A fact-finding mission sent by the Nationalists was greatly impressed with Taiwan’s economic development under Japan’s rule and gave it “unstinted praise” in a report published in 1937, Ito pointed out in his 1993 book “Taiwan.”

Japan’s colonial policy, however, was largely aimed to help the economy at home, and Japan later further exploited the colonies’ economies to help it continue the fight in China and against the Allies.

In Korea, Japan forced locals to adopt Japanese family names and worship Shinto, while limiting Korean-language education, which all gave rise to strong anti-Japanese sentiment.

Japan in addition inflicted devastating economic damage on China and other parts of Asia in the 1930s and ’40s.

Is Tamogami the first to make such comments?

The essay is merely another installment of skewed perceptions of the war held by some leading figures. Cabinet members make blunt comments every now and then, including in May 1994, when then Justice Minister Shigeto Nagano openly challenged Japan’s atrocities in China.

“The Nanjing Massacre was a fabrication,” he said in an interview before being driven to resign.

Nagano, who served as chief of the Ground Self-Defense Force before turning to politics, was known for his support for deleting references to wartime sex slaves, known euphemistically in Japan as “comfort women,” from school textbooks.

Where did Tamogami get the ideas for his essay?

At a news conference last week after his retirement, Tamogami told reporters his essay was not his own creation but “an opinion formed after reading books by other experts.”

Deliberations in the Diet since the incident have elucidated controversial practices within the SDF, including ultraconservative lectures for officer education.

A textbook used at the Command and Staff Course of the Maritime Self-Defense Force says the Japanese people “lost their confidence because of losing the war,” and that showing patriotism has not only been forbidden but is a taboo that “enslaves people to low consciousness.”

Defense Minister Yasukazu Hamada acknowledged during Diet committee deliberations that use of that textbook is “extremely incompatible.”

Do scholars back Tamogami’s view?

Tadasu Kumagai, a military analyst and former ASDF officer, said Tamogami may have caused a frenzy because of his status, but the essay itself is not completely inaccurate. Tamogami should have taken a more academic approach to prove his points instead of quoting publications by others, he said.

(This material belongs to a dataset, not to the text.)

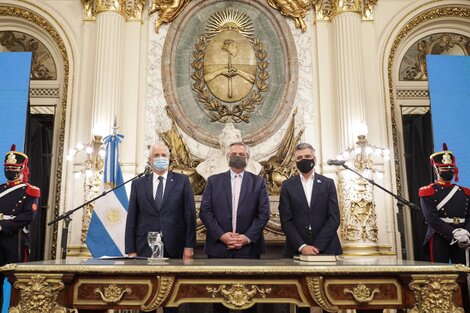 Alberto Fernández y los nuevos ministros Taiana y Zabaleta, durante la jura en el Salón Blanco de la Casa Rosada.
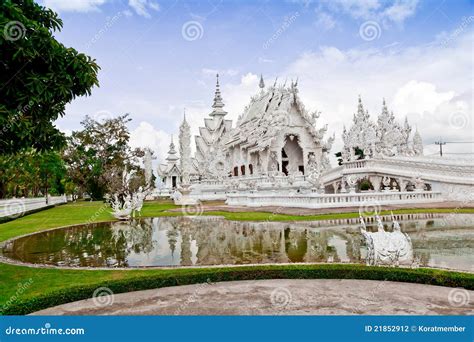 Wat Rong Khun, Chiang Rai Province Stock Photo - Image of asia, reflect: 21852912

In backing the content of the essay, Kumagai was critical of the International Tribunal for the Far East, which Tamogami claimed to be a source of “mind control” over the Japanese people.

“It would be misleading to say that the trials were one-sided,” Kumagai said, but added that in reality they were held under the complete management of the Allied forces and the rulings were spread among Japanese people as genuine, without any counteractions.